4.6 Evaluate the model

4.6.1 Calculate train and validation accuracy

acc_train, _ = evaluate(model, dataloader_train)
acc_validation, _ = evaluate(model, dataloader_val)
print(f'Accuracy - Train: {acc_train:.4f} | Validation: {acc_validation:.4f}')

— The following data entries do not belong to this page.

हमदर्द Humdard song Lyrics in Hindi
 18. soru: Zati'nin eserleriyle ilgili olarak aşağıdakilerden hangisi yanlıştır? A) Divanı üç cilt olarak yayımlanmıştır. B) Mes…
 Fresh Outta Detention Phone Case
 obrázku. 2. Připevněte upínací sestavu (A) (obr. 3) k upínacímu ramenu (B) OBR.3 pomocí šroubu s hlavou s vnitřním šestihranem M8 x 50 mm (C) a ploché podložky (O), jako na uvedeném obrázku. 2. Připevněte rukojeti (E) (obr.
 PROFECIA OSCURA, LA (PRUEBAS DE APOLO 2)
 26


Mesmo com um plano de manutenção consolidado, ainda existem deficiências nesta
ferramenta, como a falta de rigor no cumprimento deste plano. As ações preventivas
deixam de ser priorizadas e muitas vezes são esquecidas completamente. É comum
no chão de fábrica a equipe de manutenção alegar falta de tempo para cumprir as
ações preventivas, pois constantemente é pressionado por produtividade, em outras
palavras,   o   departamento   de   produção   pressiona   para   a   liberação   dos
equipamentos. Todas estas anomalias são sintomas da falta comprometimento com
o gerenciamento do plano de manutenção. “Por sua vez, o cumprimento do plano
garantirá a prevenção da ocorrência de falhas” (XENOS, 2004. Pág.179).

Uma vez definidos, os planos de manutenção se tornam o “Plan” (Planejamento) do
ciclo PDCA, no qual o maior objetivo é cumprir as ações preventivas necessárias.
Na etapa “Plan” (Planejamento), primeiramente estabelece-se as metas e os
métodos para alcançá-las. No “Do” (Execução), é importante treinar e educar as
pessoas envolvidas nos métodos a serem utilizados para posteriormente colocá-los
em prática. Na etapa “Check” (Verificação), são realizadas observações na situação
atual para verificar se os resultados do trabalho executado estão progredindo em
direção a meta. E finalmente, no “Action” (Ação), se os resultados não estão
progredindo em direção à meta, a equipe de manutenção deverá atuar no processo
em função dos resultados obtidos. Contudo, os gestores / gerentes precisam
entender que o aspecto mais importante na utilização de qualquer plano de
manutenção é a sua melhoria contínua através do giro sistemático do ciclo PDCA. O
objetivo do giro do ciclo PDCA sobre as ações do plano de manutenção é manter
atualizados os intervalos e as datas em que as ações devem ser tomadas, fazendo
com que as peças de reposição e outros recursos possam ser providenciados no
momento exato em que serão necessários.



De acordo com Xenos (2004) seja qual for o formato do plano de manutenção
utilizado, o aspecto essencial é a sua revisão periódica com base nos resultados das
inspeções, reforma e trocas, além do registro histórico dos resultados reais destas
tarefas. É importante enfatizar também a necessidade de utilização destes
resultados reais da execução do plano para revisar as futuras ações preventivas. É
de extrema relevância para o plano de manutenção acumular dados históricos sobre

Accuracy - Train: 0.9901 | Validation: 0.9851

4.6.2 Print confusion matrix (Changed)

val_preds, val_y, _ = predict(model, dataloader_val)
print(val_preds.shape, val_y.shape)
multiclass_confusion_matrix  = torchmetrics.classification.ConfusionMatrix('multiclass', num_classes=number_of_classes)
cm = multiclass_confusion_matrix(val_preds, val_y)
print(cm)

df_cm = pd.DataFrame(cm)
plt.figure(figsize = (6,5), facecolor=(0.0,1.0,0.0))
sn.heatmap(df_cm, annot=True, fmt='d')
plt.show()

4.6.3 Plot predictions and ground truth

val_preds, val_y, val_x = predict(model, dataloader_val)
val_preds, val_y, val_x = val_preds.numpy(), val_y.numpy(), val_x.numpy()
show_dataset(val_x, val_y,'Ground Truth')
show_dataset(val_x, val_preds, 'Predictions')

Conclusion

For multi-class classification, you need to use softmax activation and cross-entropy loss. There are a few code modifications required to switch from binary classification to multi-class classification: data preprocessing and postprocessing, activation, and loss functions. Moreover, you can solve binary classification problem by setting the number of classes to 2 with one-hot encoding, softmax, and cross-entropy loss.